Unser Land refuse la disparition de l’Alsace ou sa réduction à un département. L’Alsace refuse d’être dépossédée de la Cour d’appel de Colmar, comme le sous-entend le préfet, du Concordat, du Droit local, de son bilinguisme, etc.

Unser Land dénonce l’accentuation de la dérive autoritaire déjà intolérable sous le gouvernement socialiste de Manuel Valls et invite les parlementaires alsaciens soucieux de défendre la démocratie et les intérêts de leur peuple à démissionner en bloc en signe de résistance.

Un tel geste sera apprécié par les Alsaciens qui ne digèrent ni la réforme territoriale ni le mépris que leur témoignent les autorités parisiennes. Ces parlementaires courageux seront automatiquement réélus et confortés dans leur légitimité à défendre l’Alsace.

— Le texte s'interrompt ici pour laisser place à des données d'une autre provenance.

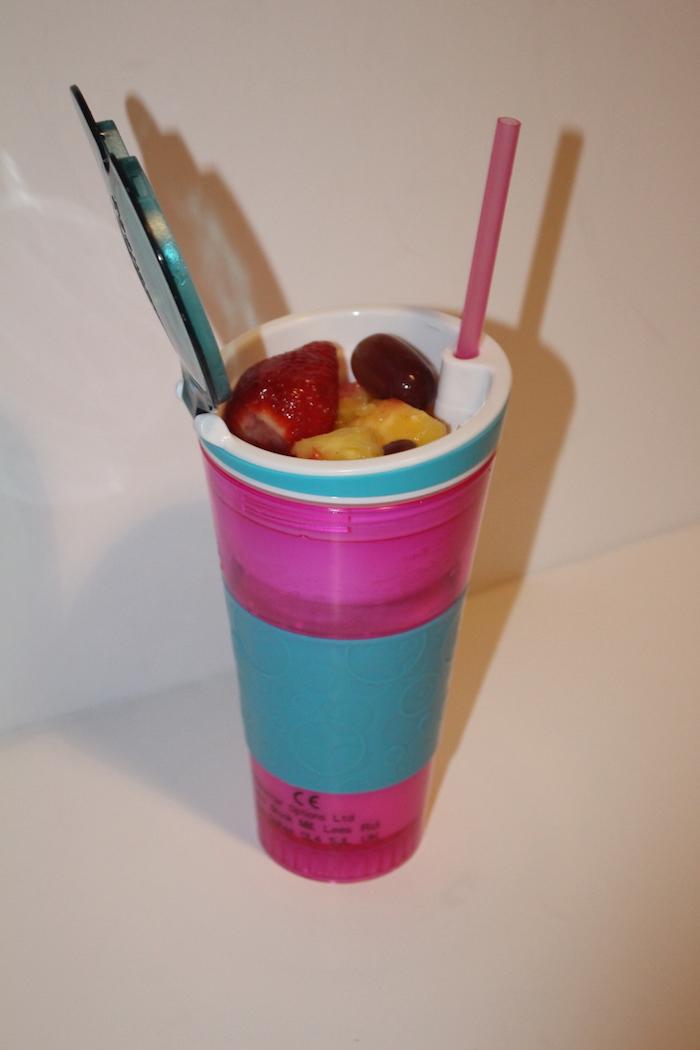 Snackeez™ 2-in-1 Snack Cup - Pink/Blue, 24 oz - Fry's Food Stores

Unser Land s’engage à ne pas présenter de candidat-e contre eux et à les soutenir si des candidats d’autres partis osaient se présenter contre eux. Si les députés de la précédente législature avaient eu ce courage, l’Alsace existerait toujours. Maintenant c’est une question de vie ou de mort pour l’Alsace et pour la démocatie.